By KAYMOLLY MORRELLE
More than twenty currently operating service stations in Victoria are contaminated sites with a potential risk to public and environmental health. A further 22 former service stations and 11 petroleum storages are listed by Victoria’s Environment Protection Authority as being contaminated.
The sites’ addresses are made public on a Priority Sites Register on the EPA website. Little further information is available to the public and the EPA appears reluctant to provide details of the contamination, despite a review that recommended it lift its performance with key stakeholders, including residents.
The Priority Sites Register is updated monthly and does not include all known contaminated sites, only those posing “an unacceptable risk to human health or to the environment”. The only public information comes in the form of a few words from the EPA: Current (/Former) Service Station. Requires assessment and/or clean up.
The EPA’s website does not identify a site’s owners, nor specify the contaminants posing the health risk. No dates are given of when the contamination occurred or when the notice was issued. During a subsequent remediation process, no further information is made available to the public via the website. EPA spokespeople say it is not required to further notify the public. “We do make it available, but we don’t go out of our way to notify residents or businesses,” a customer service officer at the Dandenong branch told Dangerous Ground.

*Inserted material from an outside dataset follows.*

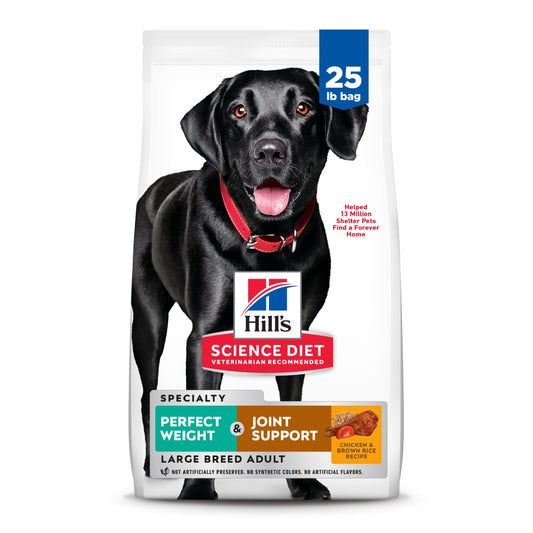 Hill's Science Diet Perfect Weight + Joint Support Chicken Dry Dog Food, 25lb Bag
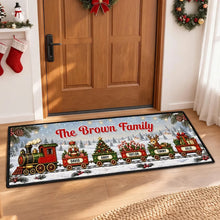 Load image into Gallery viewer, Personalized Premium Doormat Family Holiday Train Gift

A recent internal review of the EPA, recommended that its policy should support disclosure by stakeholders of the risks of environmental hazards likely to impact on health and information on compliance and enforcement.
None of the four contaminated service stations visited in researching this article displayed any signs to visitors warning that the sites posed potential health risks.

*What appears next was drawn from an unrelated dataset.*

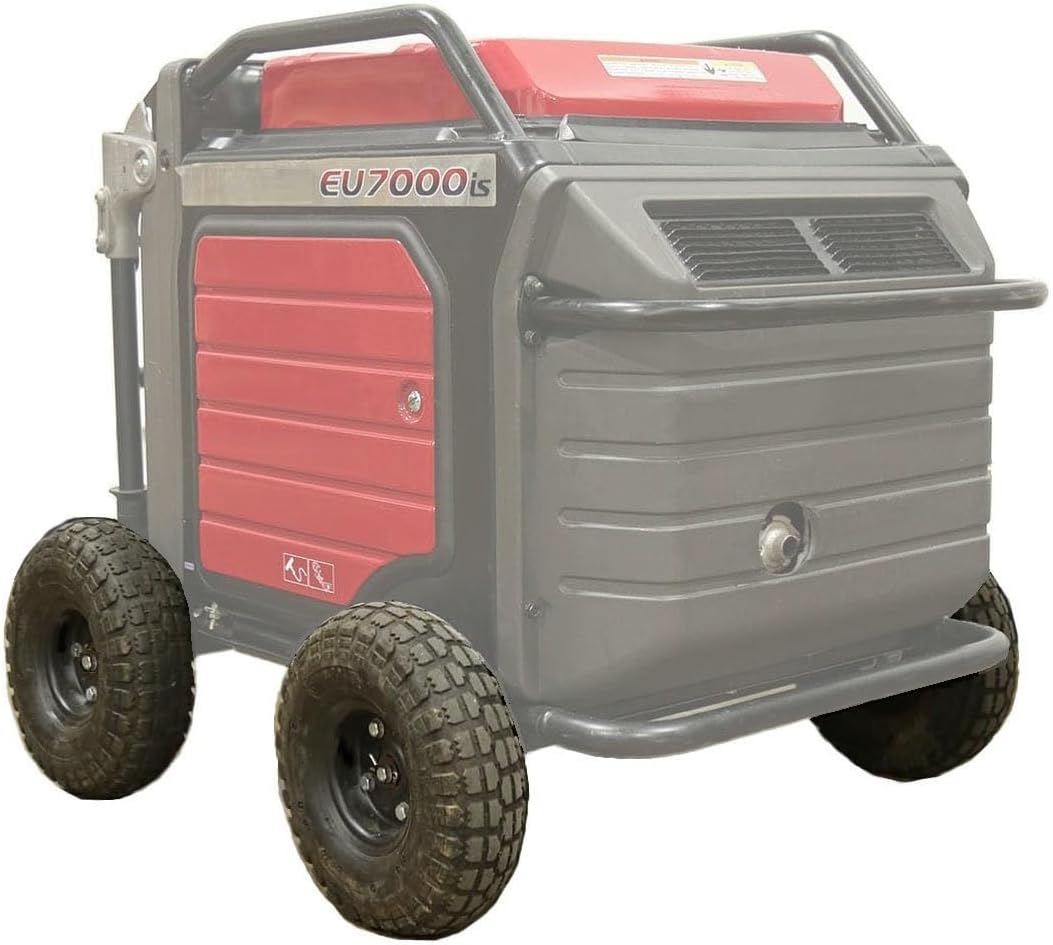 Fixed Axle Add Wheels Kit with 10 Inch All Terrain Never Flat Tires Compatible with Honda EU7000iS Inverter Generator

“It’s not required,” EPA director Mr Matt Vincent said. However, the EPA would insist that signs went up “if we deemed that there was a significant risk to human health in terms of people interacting or being near that site”, he said. “If it’s under the ground and there’s not vapours coming up that are going to cause an issue for people, it’s not necessary—in fact it would probably just cause more concern from the community than is actually necessary.”

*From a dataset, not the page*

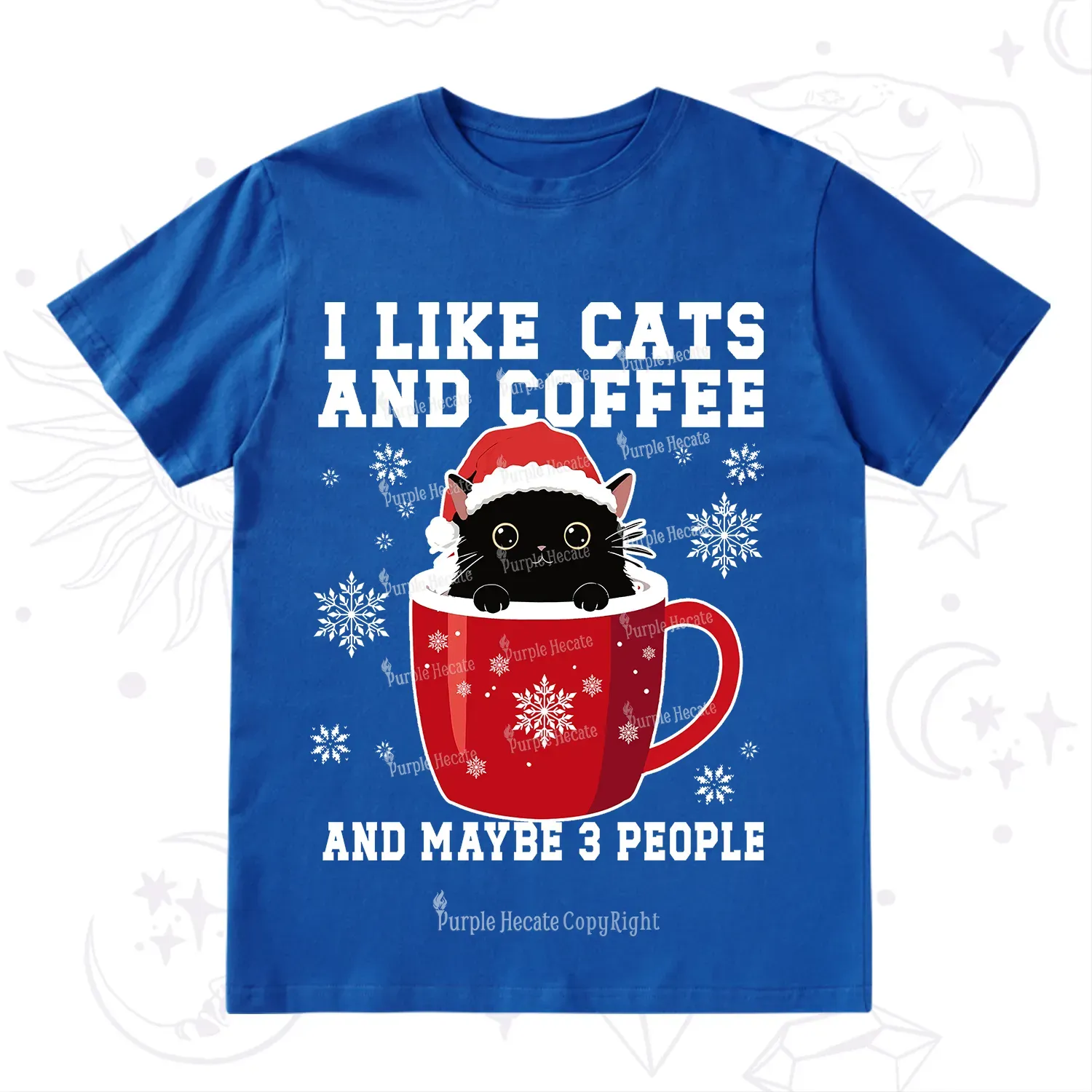 Purplehecate I like Cats And Coffee Christmas T-Shirt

“What our experience shows is that if the community is only given partial information, it can actually lead to a lot of unnecessary fear, and, you know, that fear, in some cases, in extreme cases, can actually have health impacts of its own: people living with that stress.”
Neighbours living near the four sites were unaware of the existence of the EPA’s Priority Sites Register. Assistant Principal Ms Michele Nolan has been at Oakleigh Primary School for over three years and did not know the Shell service station across the street was issued with a Clean Up Notice for contaminated groundwater in April 2009. (The EPA can issue Clean Up Notices that order an occupier or polluter to take clean up activities within a certain timeframe or face fines of up to $300,000).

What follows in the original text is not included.